>>>>

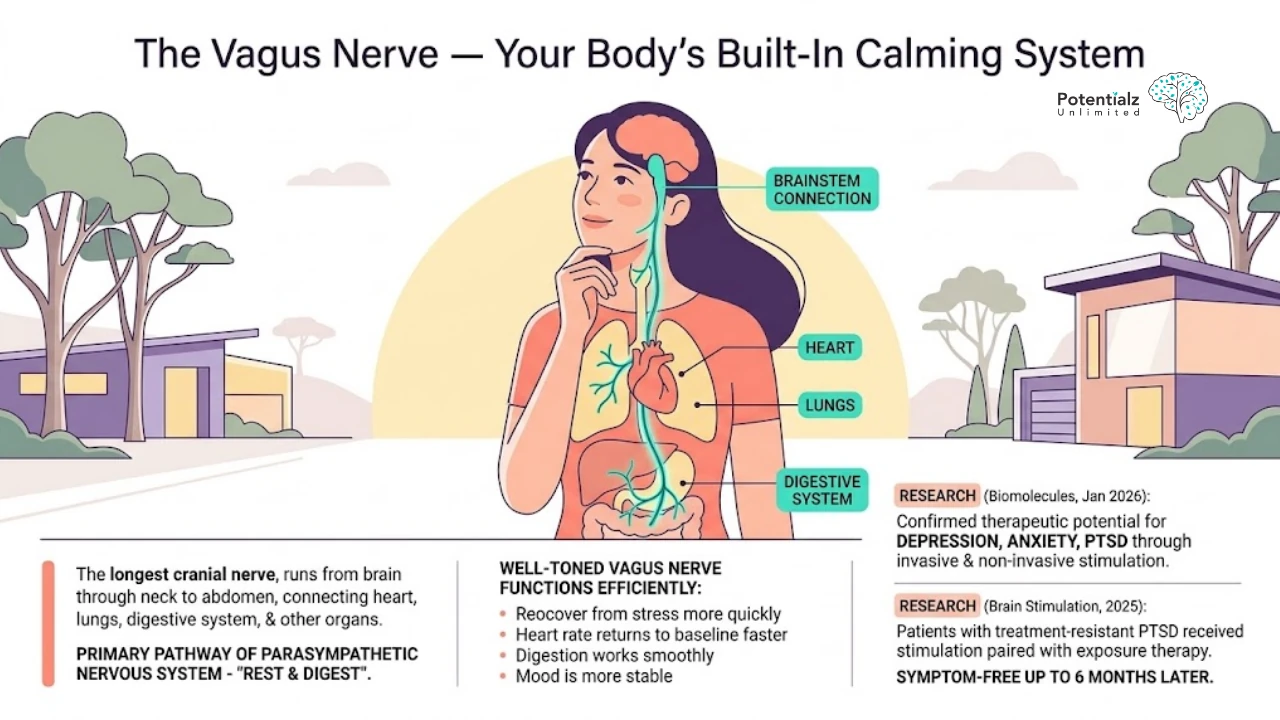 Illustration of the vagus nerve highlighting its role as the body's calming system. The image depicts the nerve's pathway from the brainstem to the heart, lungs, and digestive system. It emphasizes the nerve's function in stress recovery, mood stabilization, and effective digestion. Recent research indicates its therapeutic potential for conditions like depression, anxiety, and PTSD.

<<<<
>>>>

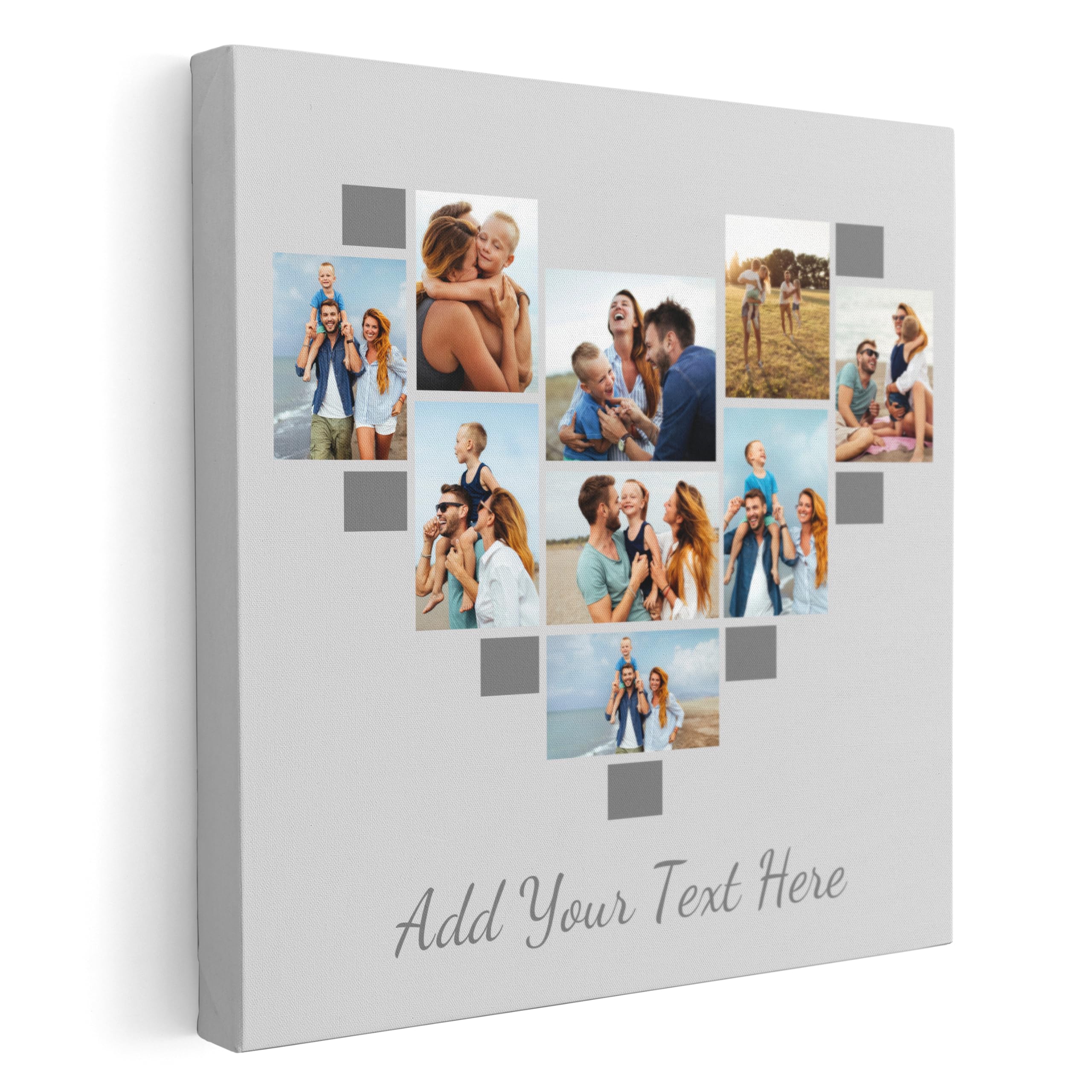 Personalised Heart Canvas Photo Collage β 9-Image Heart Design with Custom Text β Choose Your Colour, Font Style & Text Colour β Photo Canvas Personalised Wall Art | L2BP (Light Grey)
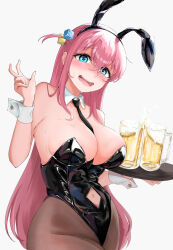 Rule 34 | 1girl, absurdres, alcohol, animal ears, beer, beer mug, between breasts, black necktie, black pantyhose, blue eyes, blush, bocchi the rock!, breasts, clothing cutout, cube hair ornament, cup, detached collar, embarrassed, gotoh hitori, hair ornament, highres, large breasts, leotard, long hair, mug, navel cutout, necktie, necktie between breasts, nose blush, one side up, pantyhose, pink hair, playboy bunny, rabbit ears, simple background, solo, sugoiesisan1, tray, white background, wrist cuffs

<<<<
>>>>

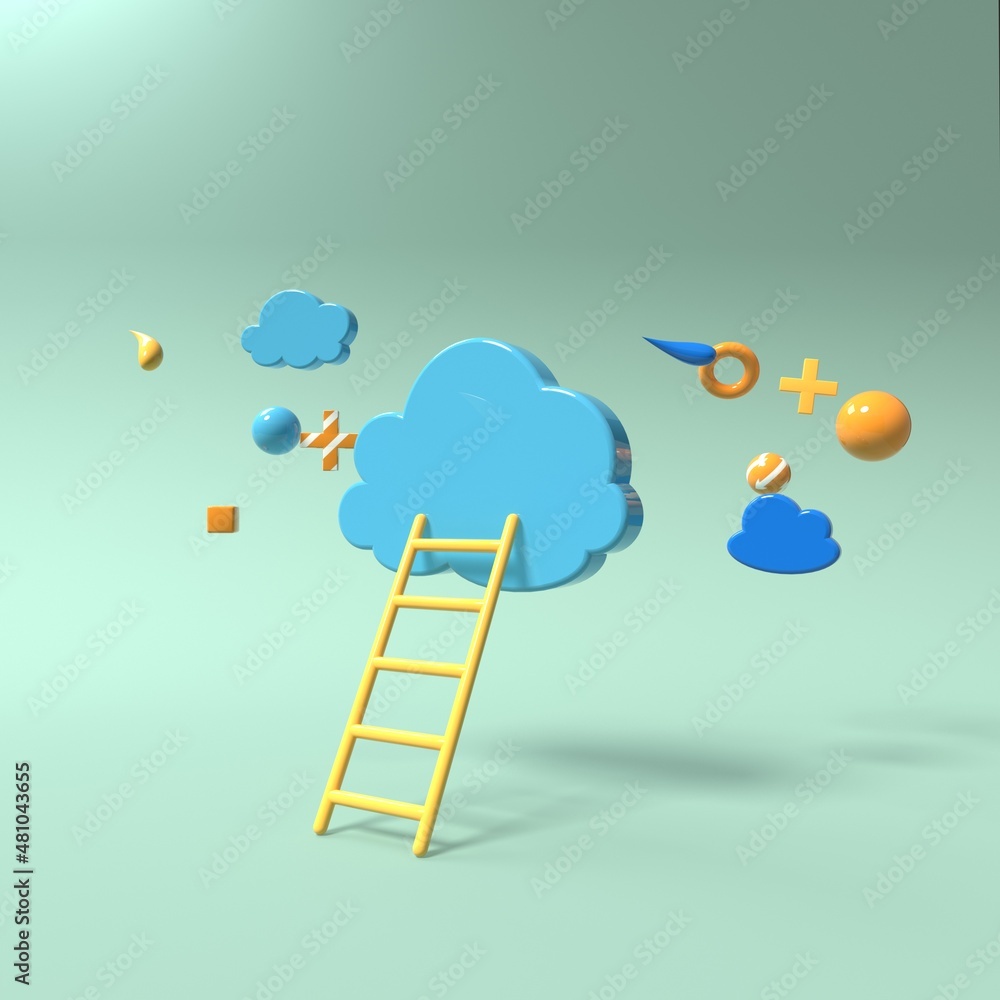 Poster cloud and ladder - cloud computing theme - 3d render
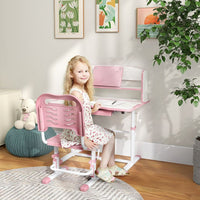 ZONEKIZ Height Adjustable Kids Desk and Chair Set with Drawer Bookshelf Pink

<<<<

| Problem |
Using the data above, output the line that has "Poster cloud and", the line that has "ZONEKIZ Height Adjustable", and whatever lines fall between, each exactly as it stands and without pictures.

| Solution to the exercise |
 Poster cloud and ladder - cloud computing theme - 3d render
 ZONEKIZ Height Adjustable Kids Desk and Chair Set with Drawer Bookshelf Pink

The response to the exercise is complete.